Call it the pork that got chopped. And as always, the goal was laudable.
In the world of Washington legislating, the goal is always laudable.
This time around the goal was what is called in the arcana of policy-making “surprise medical billing.” Here’s how it works.
Some 85 million Americans live in rural areas. As it happens in the current virus pandemic, that might be a good thing. Obviously, one is safer on a ranch in rural Montana than a walkup in the middle of Manhattan.
But it is exactly that relative isolation that causes a problem if, say, you have a stroke or you are in a car accident in the proverbial “middle of nowhere” — and your life depends on getting you to the nearest big-city hospital. Now what?
The answer can frequently come in the form of air medical transport, a helicopter or sometimes a plane that swoops in to pick you up to get you to that nearest big-city hospital in what is called in the trade the “golden hour” — the critical first 60 minutes it can take to get you the needed medical assistance.
The obvious question: Who pays for this? That’s the laudable goal here — getting people paid for this life-saving service. And the answer to the question of who gets paid is, of course, insurance companies. The question in “surprise medical billing” is not who, but how. How are the billing rates set?
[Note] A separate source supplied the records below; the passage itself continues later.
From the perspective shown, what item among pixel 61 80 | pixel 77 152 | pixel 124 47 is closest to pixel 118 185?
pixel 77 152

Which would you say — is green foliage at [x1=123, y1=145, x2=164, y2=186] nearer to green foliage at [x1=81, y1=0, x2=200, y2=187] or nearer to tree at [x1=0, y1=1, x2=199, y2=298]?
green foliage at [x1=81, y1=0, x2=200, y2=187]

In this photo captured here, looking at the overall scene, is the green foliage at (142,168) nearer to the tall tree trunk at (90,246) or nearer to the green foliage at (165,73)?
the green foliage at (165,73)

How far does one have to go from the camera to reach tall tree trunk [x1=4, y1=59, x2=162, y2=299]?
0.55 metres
And with that question we are off into the woods of policy-making and just exactly what so many Americans object to in Washington, particularly in the middle of a crisis.
Here’s how the game went.
The obvious crisis is the country’s battle with the coronavirus. The necessity has arisen to shut down a good bit of the American economy in favor of “sheltering in place” (i.e., stay at home and don’t leave the house beyond a periodic grocery run). So what does government do? It does what government is supposed to do in a crisis — act to protect, in this case, the economic well-being of the country.
Which, as all of America knows, has resulted in Congress passing in seriously bipartisan fashion a $2.3 trillion relief package. The president signed it instantly, and, in a serious relief to millions of Americans, help is on the way.
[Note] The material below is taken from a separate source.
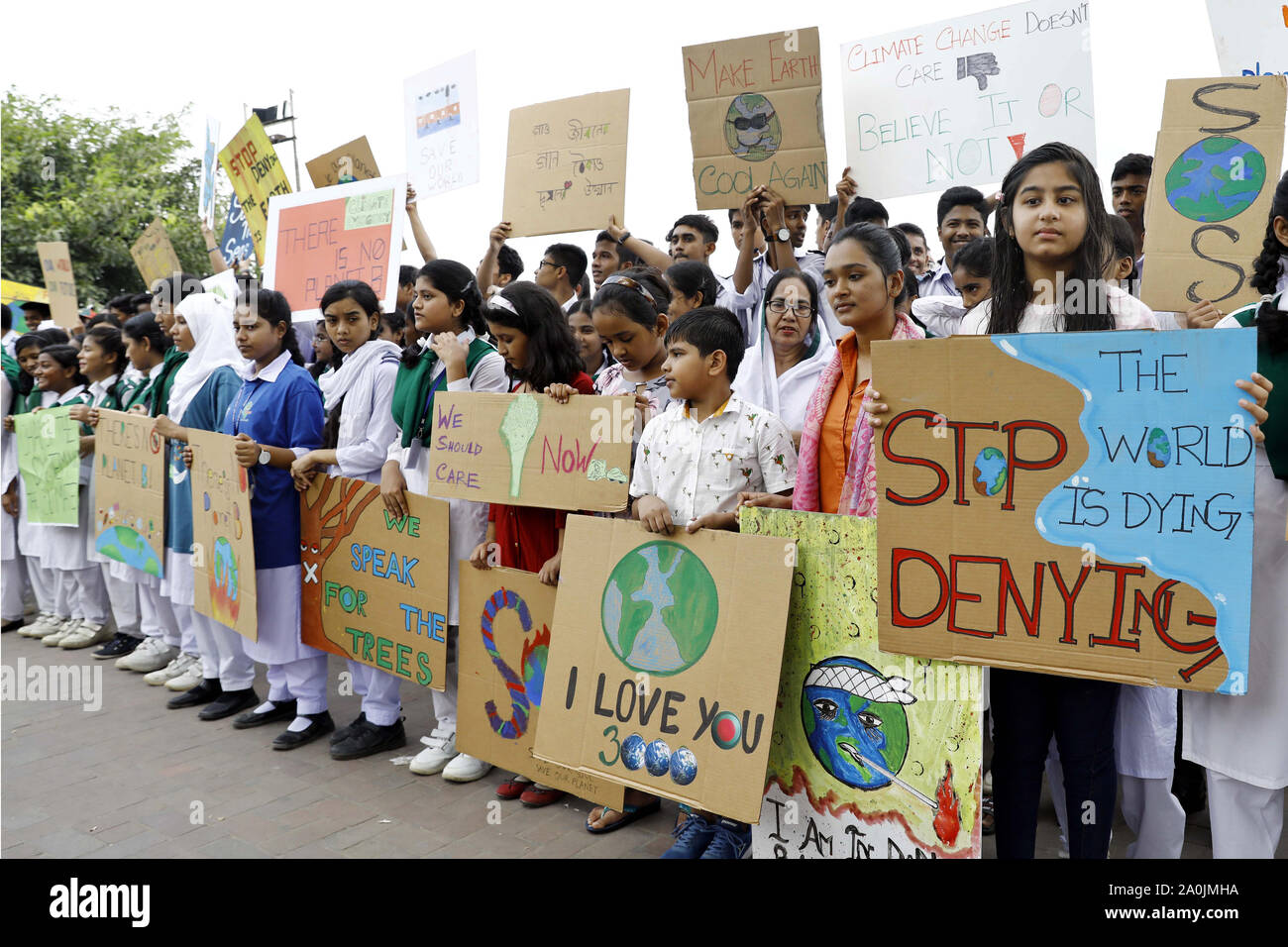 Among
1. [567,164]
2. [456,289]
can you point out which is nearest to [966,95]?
[567,164]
But in the doing of this there was the always-expected if always-disgraceful scene of Washington insiders taking advantage of the crisis to slyly and sometimes not so slyly insert rewards for their favorite lobbies.
This is where what might be called the non-surprise of “surprise medical billing” comes in.
In a move that is exactly the opposite of free-market principles, no less than Tennessee Republican Sen. Lamar Alexander, working with New Jersey Democrat Rep. Frank Pallone, moved to mandate the government — say again: the government — setting the rates for transporting rural Americans to urban hospitals. There would be no free-market negotiation between the hospitals/doctors and insurance companies. Instead the federal government would set the rates — government price controls.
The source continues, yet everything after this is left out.